Joint Base McGuire-Dix-Lakehurst personnel participated in an active-shooter exercise Sept. 12, 2013, to evaluate the installation's emergency response procedures here.

The exercise tested the joint base's ability to respond to an active-shooter event, similar to the attack at the Washington Navy Yard Sept. 16, 2013.

An active shooter is, by DOD definition, one or more individuals who participate in a random or systematic shooting spree, demonstrating his or her intent and means to continuously cause serious physical injury or death to others. His or her overriding objective appears to be that of mass murder, rather than some other type of criminal conduct such as robbery.
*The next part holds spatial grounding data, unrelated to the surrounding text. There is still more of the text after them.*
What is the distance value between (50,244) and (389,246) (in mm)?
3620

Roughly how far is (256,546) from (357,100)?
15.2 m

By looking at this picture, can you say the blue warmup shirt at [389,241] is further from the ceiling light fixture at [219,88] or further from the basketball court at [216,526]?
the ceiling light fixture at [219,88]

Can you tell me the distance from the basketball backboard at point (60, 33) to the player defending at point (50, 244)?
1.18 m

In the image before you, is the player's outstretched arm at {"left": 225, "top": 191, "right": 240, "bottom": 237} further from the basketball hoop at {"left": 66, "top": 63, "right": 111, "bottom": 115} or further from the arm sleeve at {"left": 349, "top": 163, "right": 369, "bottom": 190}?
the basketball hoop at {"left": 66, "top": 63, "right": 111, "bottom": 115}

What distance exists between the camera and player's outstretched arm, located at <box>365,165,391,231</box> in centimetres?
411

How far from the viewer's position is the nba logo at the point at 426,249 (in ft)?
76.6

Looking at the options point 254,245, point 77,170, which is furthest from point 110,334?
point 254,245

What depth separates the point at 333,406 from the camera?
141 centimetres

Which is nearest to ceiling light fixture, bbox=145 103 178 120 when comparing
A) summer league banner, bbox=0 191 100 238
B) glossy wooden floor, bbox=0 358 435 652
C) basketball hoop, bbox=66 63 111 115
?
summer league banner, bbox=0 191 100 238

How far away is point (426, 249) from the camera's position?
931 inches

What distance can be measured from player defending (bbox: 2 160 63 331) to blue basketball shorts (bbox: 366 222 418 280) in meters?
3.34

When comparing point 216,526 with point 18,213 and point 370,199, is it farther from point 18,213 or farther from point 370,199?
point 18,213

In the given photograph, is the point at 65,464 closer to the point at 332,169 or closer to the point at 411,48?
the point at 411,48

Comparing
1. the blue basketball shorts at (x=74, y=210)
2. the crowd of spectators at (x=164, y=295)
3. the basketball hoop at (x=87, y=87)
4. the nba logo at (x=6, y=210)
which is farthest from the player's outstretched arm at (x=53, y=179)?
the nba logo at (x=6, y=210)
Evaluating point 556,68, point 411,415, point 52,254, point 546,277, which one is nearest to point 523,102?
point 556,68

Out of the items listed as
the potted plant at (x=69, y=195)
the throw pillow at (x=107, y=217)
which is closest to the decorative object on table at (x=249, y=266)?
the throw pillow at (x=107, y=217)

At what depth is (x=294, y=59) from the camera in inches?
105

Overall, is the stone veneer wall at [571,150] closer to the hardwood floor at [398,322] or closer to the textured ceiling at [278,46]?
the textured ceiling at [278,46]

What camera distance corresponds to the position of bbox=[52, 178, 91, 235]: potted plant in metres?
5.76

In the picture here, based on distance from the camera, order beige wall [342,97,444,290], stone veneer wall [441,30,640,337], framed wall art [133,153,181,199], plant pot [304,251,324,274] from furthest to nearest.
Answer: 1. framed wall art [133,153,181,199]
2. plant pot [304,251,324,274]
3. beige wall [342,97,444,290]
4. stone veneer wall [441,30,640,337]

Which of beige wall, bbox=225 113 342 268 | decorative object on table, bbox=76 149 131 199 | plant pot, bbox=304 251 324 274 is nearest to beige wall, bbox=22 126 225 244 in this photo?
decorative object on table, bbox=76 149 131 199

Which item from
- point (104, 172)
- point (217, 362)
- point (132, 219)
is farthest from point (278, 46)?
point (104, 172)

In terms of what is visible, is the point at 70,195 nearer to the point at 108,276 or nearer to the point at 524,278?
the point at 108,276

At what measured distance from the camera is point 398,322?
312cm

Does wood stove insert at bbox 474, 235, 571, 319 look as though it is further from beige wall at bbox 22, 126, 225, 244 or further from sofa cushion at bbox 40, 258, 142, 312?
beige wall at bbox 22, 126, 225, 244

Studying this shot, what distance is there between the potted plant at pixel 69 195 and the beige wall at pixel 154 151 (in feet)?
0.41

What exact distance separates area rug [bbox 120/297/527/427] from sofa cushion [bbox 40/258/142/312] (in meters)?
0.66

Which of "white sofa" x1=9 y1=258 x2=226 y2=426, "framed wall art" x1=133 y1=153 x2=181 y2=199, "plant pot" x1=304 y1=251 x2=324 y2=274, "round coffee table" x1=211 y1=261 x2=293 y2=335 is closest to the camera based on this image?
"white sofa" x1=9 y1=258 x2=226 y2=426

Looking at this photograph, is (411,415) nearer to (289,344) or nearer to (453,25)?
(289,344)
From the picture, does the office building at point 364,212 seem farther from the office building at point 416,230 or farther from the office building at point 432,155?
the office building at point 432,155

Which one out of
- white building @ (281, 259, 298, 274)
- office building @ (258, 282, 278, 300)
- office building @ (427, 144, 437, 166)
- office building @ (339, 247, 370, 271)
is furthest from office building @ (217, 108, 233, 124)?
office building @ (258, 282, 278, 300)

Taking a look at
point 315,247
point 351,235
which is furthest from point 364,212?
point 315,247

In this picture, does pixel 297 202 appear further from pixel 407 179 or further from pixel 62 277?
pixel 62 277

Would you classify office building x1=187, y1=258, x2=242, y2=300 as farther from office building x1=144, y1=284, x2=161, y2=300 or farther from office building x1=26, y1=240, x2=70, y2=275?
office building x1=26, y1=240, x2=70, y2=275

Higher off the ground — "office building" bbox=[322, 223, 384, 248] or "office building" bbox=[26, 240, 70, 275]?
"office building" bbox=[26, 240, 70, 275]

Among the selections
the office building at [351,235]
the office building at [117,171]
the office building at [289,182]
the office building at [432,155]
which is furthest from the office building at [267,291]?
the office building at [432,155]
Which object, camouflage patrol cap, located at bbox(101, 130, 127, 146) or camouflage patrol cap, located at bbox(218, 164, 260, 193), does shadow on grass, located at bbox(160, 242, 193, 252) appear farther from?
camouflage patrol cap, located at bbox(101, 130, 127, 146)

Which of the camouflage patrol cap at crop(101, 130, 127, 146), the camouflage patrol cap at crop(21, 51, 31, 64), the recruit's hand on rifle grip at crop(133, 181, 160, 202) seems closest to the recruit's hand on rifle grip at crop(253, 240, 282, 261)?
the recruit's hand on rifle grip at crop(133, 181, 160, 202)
The date and time of the exercise was released prior to the event in order to prevent unnecessary panic or fear in or around base communities.

"We are in the business of full disclosure and preparedness," said Steve Robertson, 87th Civil Engineer Squadron Emergency Management director. "The operations and exercises go well usually because you prepared ahead of time."

The exercise kicked off at approximately 8:47 a.m. with a simulated 911 call from a bystander who was alerted of an active shooter in the 87th Contracting Squadron.

The exercise scenario set up a simulated series of events during which two jilted civilian contractors coordinated an attack in order to seek vengeance. The civilians' work contract with the joint base was being replaced by another company so they wanted to punish Lt. Col. Jeffrey Gibson, 87th CONS commander, and his employees involved during a meeting. The exercise simulated that the individuals killed and wounded several individuals on their way to the basement where the meeting was being held.

A total of six 87th Security Forces Squadron members gathered at the building within seconds of receiving the call to exercise forming the initial entry party. They entered the building, listening to the screams of individuals acting as wounded victims who directed them to the perpetrator. The team entered the basement and eliminated the first active shooter. The second perpetrator, at that point, had already taken Gibson hostage in a nearby closet.

"Patrol Officer Joseph Donato, did a phenomenal job practicing his negotiation skills as he talked down and negotiating with the active shooter until the actual hostage negotiator arrived," said Master Sgt. Garrett Knight, 87th SFS standards and evaluations noncommissioned officer in charge. "Negotiations went on for about an hour and 15 minutes until the gunman killed Gibson and himself."

An active shooter exercise typically wraps up once the threat has been eliminated. This year's exercise went a step further.

"We had a full after-action investigation complete with a mock crime scene done by the Office of Special Investigation and an FBI member," said Robertson. "We've never been able to exercise the interaction between command and control, and on scene investigators. From a 'lessons learned' perspective, it was very successful."

Joint-base agencies responded immediately to the reported incident and increased threat conditions and force protection levels.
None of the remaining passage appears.